[rescue] Re: Wanted - Dual (or quad) PPro

Gavin Hubbard ghub005 at xtra.co.nz
Fri Feb 21 15:01:06 CST 2003


>On Fri, Feb 21, 2003 at 08:00:02PM +1300, Gavin Hubbard wrote:
>> That sounds like a really interesting system Sridhar. How on earth did you
>> get the PIII chips to go above 2-way? I thought the PII & PIII only
>> supported single-bit processor IDs (unlike the PPro which had a two-bit
ID).
>
>I'm not positive, but I'm guessing that the chipset handles it.  It
>perhaps does something like make the first cpu think it is proc 0,
>and it sees all the other procs as proc 1.  All the other procs then
>think they are proc 1 and see the others as proc 0.  And beyond that the
>chipset sorts things out to make it actually work correctly.
>
>But, as I said, that's just a guess.  I do know that ALR used to do
>something like that PPro machines beyond quad processors.

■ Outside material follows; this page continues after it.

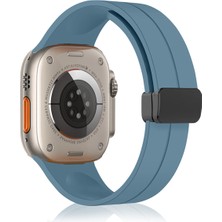 MobaxAksesuar Apple Watch 10 42mm - 38/40/41mm Kordon Magnetli Ayarlanır Silikon Kordon 2/3/4/5/6/se/7/8/9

On my Unisys HS/6 (6-way ALR revolution 6x6) there had two banks of three
processors, installed on two separate riser boards. Three IDs are given to
the processors on the first board and the the fourth ID references the
second board. Quite a neat solution as the PPro only handles 4-way MP
natively. 

But speaking of massively multi-processor PPro systems; Unisys also
produced the XS/6 system. The first generation could handle ten PPro CPUs
and the second generation could handle 12. Then of course you have the
massive PPro/Xeon Sequents. But from the examples I've seen, they use quads
as a basic building block (the quads are then stiched together using a
proprietary bus/chassis interlink). Then of course you have the first of
the ASCI super-computers which I believe used thousands of PPro CPUs.